**EXERCISE PROMPT**
Your answer should be the line containing "2016 Mercedes GLC 350e — Miniatură 11" and each line after it through the end of the data below, repeated exactly.

==== SOURCE INFORMATION ====

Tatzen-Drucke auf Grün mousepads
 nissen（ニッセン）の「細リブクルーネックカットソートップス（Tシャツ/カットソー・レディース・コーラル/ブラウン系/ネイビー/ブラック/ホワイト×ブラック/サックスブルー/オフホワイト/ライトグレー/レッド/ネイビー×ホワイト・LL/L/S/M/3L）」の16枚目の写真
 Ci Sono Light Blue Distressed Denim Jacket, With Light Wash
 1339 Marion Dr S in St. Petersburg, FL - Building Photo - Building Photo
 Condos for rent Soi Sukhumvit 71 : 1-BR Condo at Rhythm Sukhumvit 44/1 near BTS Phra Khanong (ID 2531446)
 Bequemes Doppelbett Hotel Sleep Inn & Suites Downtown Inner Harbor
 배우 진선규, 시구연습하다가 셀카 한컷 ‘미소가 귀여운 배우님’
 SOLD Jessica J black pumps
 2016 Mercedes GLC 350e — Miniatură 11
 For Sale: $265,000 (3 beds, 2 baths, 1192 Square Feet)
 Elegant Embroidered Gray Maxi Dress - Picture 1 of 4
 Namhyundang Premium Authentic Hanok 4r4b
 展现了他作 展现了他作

====

**YOUR RESPONSE**
 2016 Mercedes GLC 350e — Miniatură 11
 For Sale: $265,000 (3 beds, 2 baths, 1192 Square Feet)
 Elegant Embroidered Gray Maxi Dress - Picture 1 of 4
 Namhyundang Premium Authentic Hanok 4r4b
 展现了他作 展现了他作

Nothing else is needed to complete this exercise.